Records for the task →
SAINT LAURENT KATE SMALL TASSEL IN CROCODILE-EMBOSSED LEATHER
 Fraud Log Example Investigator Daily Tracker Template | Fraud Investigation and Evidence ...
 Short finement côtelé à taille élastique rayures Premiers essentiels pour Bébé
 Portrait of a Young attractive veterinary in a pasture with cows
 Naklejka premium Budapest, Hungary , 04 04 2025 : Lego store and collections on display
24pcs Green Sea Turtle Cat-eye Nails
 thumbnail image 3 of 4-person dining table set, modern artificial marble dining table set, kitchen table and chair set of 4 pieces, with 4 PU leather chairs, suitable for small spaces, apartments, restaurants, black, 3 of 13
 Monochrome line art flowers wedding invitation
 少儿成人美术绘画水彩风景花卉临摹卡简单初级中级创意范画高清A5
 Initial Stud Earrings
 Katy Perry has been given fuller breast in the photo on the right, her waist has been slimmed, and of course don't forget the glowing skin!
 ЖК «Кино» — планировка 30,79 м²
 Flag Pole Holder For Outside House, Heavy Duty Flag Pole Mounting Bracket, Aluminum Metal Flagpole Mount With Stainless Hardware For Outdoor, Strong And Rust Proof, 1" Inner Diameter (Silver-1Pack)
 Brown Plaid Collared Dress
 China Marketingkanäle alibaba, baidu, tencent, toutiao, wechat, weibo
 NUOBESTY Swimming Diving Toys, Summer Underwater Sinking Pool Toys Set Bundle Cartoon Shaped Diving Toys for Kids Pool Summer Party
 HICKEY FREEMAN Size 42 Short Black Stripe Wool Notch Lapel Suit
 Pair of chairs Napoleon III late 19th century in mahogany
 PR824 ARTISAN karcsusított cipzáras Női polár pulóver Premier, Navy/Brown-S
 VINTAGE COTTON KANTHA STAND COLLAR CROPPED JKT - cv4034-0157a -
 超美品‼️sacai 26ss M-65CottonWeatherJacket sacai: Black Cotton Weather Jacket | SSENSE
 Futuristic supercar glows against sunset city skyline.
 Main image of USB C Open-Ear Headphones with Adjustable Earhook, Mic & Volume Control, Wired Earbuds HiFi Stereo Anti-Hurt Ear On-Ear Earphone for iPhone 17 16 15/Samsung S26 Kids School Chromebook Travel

What the task asks → How many lines in the listing above contain "Brown"? Give the number and nothing else.

Solution for this problem → 2